Re: [PATCH 1/4] Split up default "core" config parsing into helper routine

Previous thread: RE: cvs2git with modules? by Kelly F. Hickel on Wednesday, June 18, 2008 - 4:24 pm. (1 message)

Next thread: [ANNOUNCE] GIT 1.5.6 by Junio C Hamano on Wednesday, June 18, 2008 - 7:24 pm. (14 messages)
To: Junio C Hamano <gitster@...>, Git Mailing List <git@...>
Cc: Denis Bueno <dbueno@...>
Date: Wednesday, June 18, 2008 - 6:29 pm

So these four patches end up adding support for conditionally enabling
fsync() on loose object creation in the .gitconfig file with something
like

[core]
FsyncObjectFiles = true

which can be useful on filesystems that don't already guarantee data
consistency for other reasons (whether due to ordered writes or due to
full data journalling).

Actually, just the last one adds the fairly trivial feature, the three
first patches are just cleanups of the config parsing that I needed in
order to not gouge my eyes out when looking at the code. The config file
parser is kind of ad-hoc and people have added more and more options to it
without ever trying to clean it up, and I refuse to do that.

The full patch-series is

Split up default "core" config parsing into helper routine
Split up default "user" config parsing into helper routine
Split up default "i18n" and "branch" config parsing into helper
routines
Add config option to enable 'fsync()' of object files

resulting in the following diffstat:

Documentation/config.txt | 8 ++++
cache.h | 1 +
config.c | 82 ++++++++++++++++++++++++++++++++++-----------
environment.c | 1 +
sha1_file.c | 3 +-
5 files changed, 74 insertions(+), 21 deletions(-)

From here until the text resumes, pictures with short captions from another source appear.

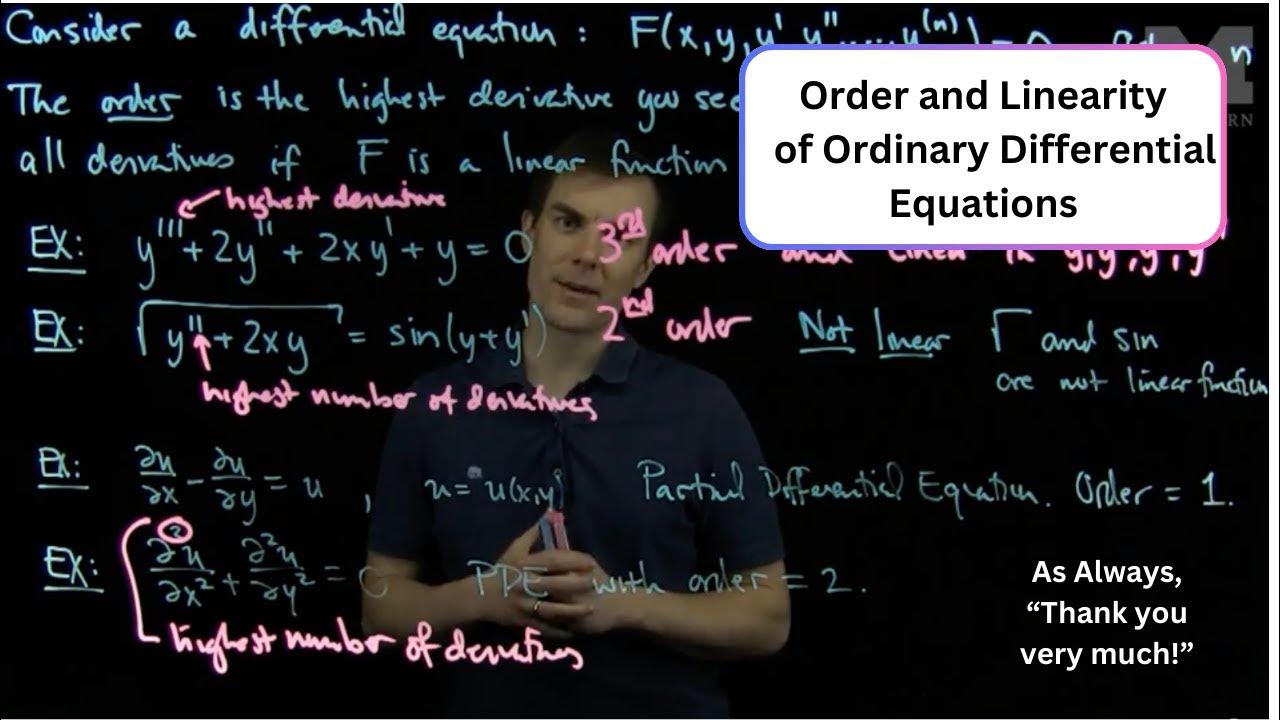 Classifying Differential Equations - YouTube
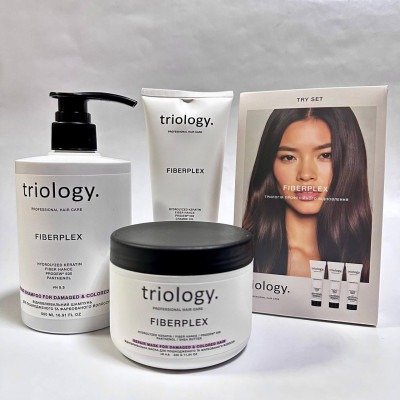Набор косметики для волос Fiberplex Triology (шампунь, бальзам, маска, try set)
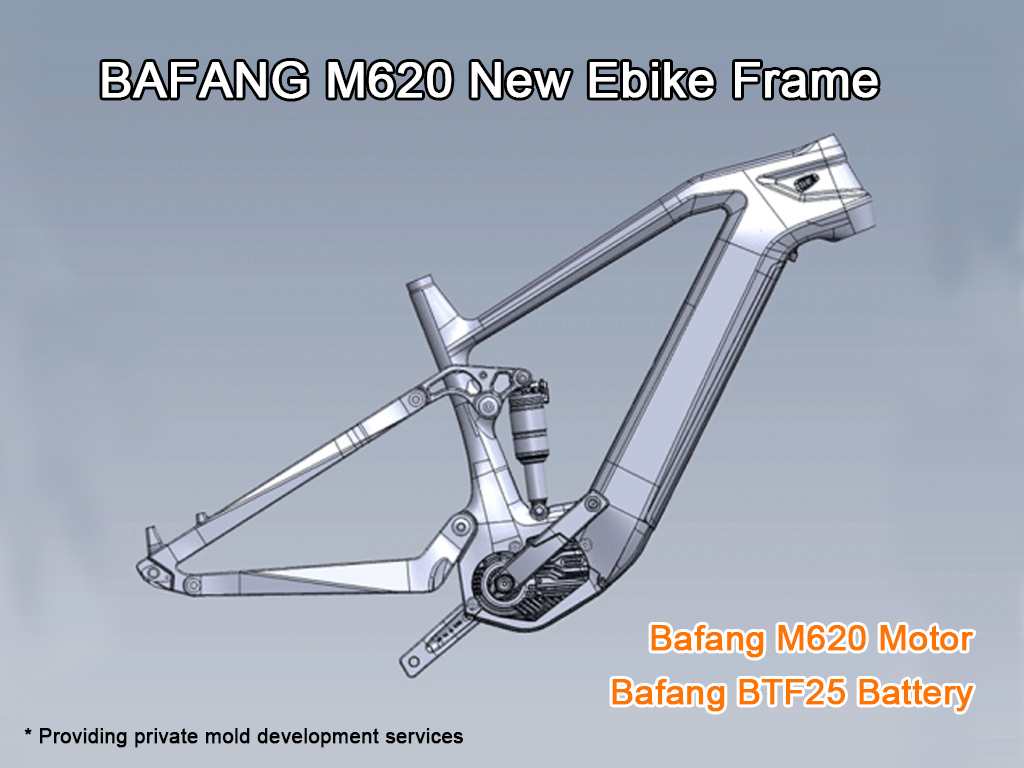2022 Top-Fire New Carbon Ebike Frame With Bafang M620 Motor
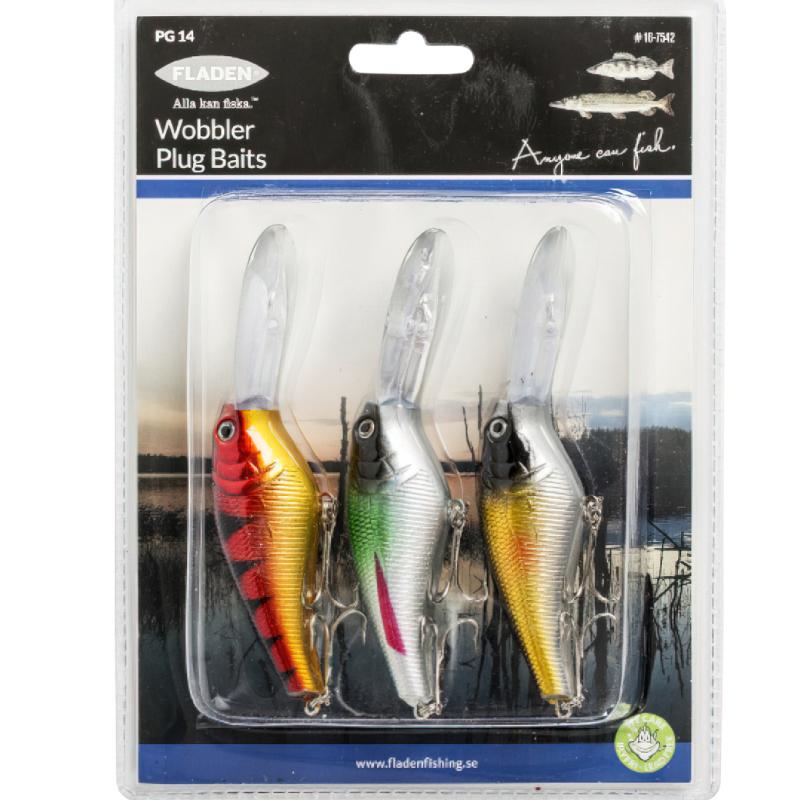 FLADEN Wobbler 3er Set 12cm Fat Shad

and the patches themselves will follow..

Linus
--

To: Junio C Hamano <gitster@...>, Git Mailing List <git@...>
Cc: Denis Bueno <dbueno@...>
Date: Wednesday, June 18, 2008 - 6:30 pm

From: Linus Torvalds <torvalds@linux-foundation.org>
Date: Wed, 18 Jun 2008 14:37:18 -0700
Subject: [PATCH 1/4] Split up default "core" config parsing into helper routine

It makes the code a bit easier to read, and in theory a bit faster too
(no need to compare all the different "core.*" strings against non-core
config options).

The config system really should get something of a complete overhaul,
but in the absense of that, this at least improves on it a tiny bit.

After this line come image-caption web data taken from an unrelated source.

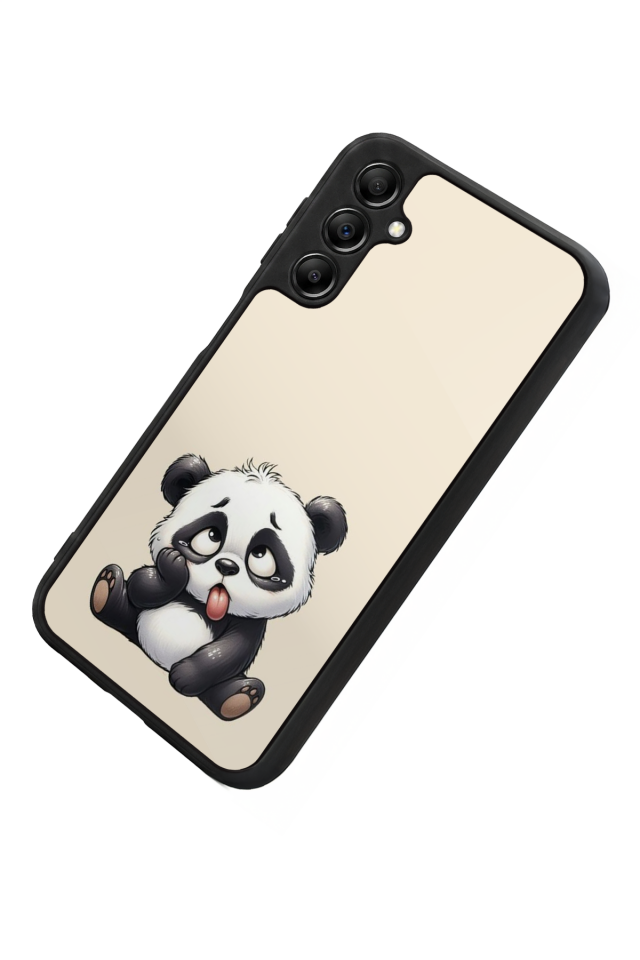 Samsung Galaxy A14 Uyumlu Panda Tasarımlı Glossy Premium Kılıf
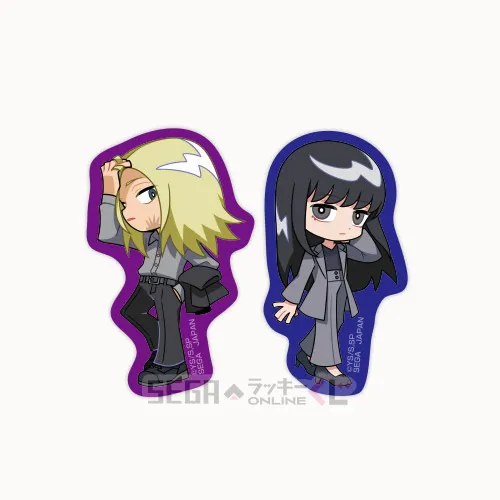 F賞-10 ステッカーセット 神々廻＆大佛 GLITCH GUM GUM 全長約8～9cm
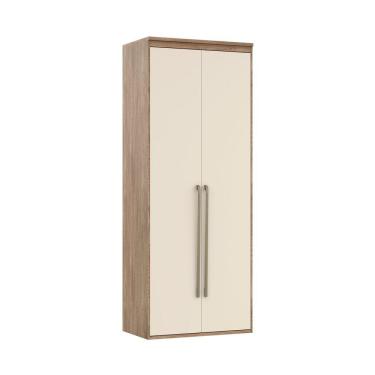 Imagem de Módulo 700 mm 2 Portas com Gavetas Belmax Carvalho/Off White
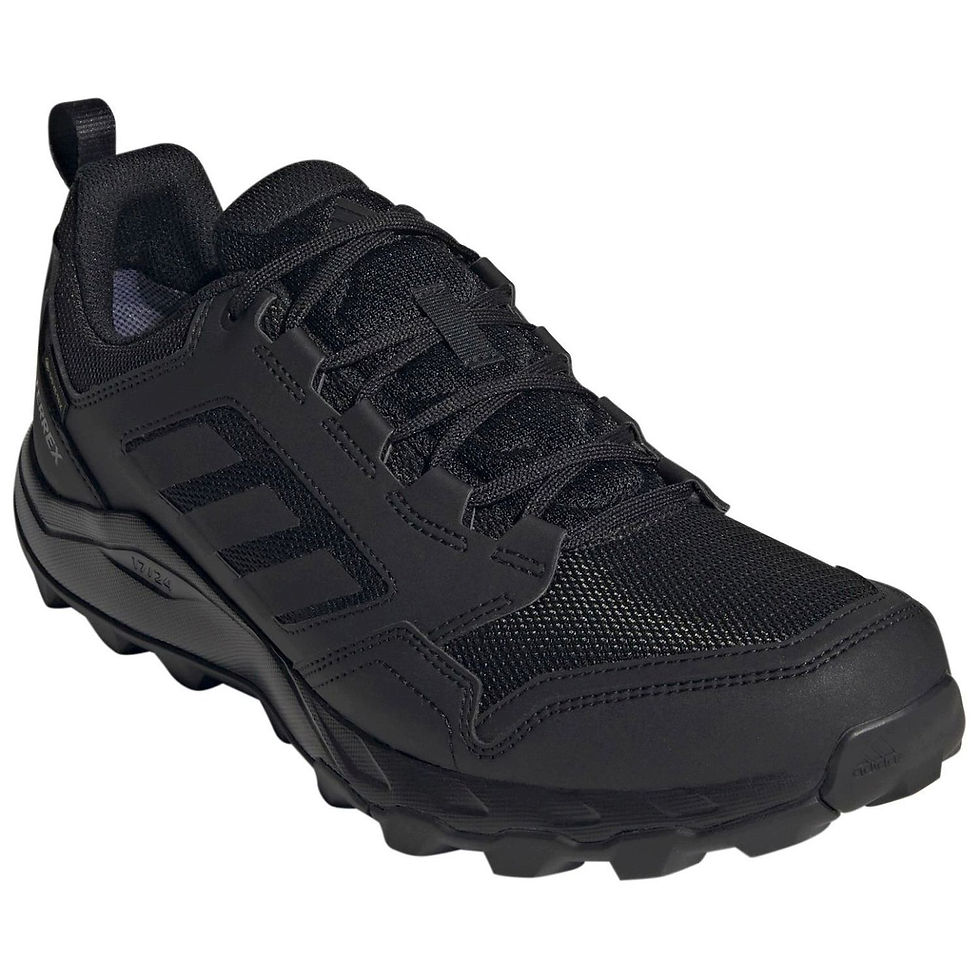 Vista frontal zapatilla marca Adidas Terrex modelo tracerocker 2 GTX en color negro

Signed-off-by: Linus Torvalds <torvalds@linux-foundation.org>
---
config.c | 42 ++++++++++++++++++++++++++----------------
1 files changed, 26 insertions(+), 16 deletions(-)

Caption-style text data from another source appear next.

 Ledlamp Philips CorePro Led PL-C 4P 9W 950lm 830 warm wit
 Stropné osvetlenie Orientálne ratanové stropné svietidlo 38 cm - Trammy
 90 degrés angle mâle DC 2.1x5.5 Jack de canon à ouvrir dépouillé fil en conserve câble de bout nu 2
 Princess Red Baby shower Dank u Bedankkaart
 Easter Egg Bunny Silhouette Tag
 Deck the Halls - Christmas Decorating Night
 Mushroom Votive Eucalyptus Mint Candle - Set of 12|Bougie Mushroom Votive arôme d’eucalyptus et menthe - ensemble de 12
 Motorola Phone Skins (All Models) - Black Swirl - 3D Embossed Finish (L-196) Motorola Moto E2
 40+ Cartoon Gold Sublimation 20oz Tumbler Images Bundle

diff --git a/config.c b/config.c
index c2f2bbb..c3597e0 100644
--- a/config.c
+++ b/config.c
@@ -332,7 +332,7 @@ int git_config_string(const char **dest, const char *var, const char *value)
return 0;
}

-int git_default_config(const char *var, const char *value, void *dummy)
+static int git_default_core_config(const char *var, const char *value)
{
/* This needs a better name */
if (!strcmp(var, "core.filemode")) {
@@ -444,6 +444,31 @@ int git_default_config(const char *var, const char *value, void *dummy)
return 0;
}

+ if (!strcmp(var, "core.pager"))
+ return git_config_string(&pager_program, var, value);
+
+ if (!strcmp(var, "core.editor"))
+ return git_config_string(&editor_program, var, value);
+
+ if (!strcmp(var, "core.excludesfile"))
+ return git_config_string(&excludes_file, var, value);
+
+ if (!strcmp(var, "core.whitespace")) {
+ if (!value)
+ return config_error_nonbool(var);
+ whitespace_rule_cfg = parse_whitespace_rule(value);
+ return 0;
+ }
+
+ /* Add other config variables here and to Documentation/config.txt. */
+ return 0;
+}
+
+int git_default_config(const char *var, const char *value, void *dummy)
+{
+ if (!prefixcmp(var, "core."))
+ return git_default_core_config(var, value);
+
if (!strcmp(var, "user.name")) {
if (!value)
return confi...

To: Linus Torvalds <torvalds@...>
Cc: Denis Bueno <dbueno@...>, Junio C Hamano <gitster@...>, Git Mailing List <git@...>
Date: Wednesday, June 18, 2008 - 6:49 pm

Maybe it would be easier still to read (and unmeasurably more efficient)
to actually do it like:

if (!prefixcmp(var, "core."))
return git_default_core_config(var+5, value);
...
int git_default_core_config(const char *var, const char *value)
{
if (!strcmp(var, "pager"))

I was curious a while ago and instrumented git_config to write the PID
to a tempfile each time it was called. Most git programs parse the
config files (.git/config, ~/.gitconfig, /etc/gitconfig) three times
each, with some doing it as many as five times.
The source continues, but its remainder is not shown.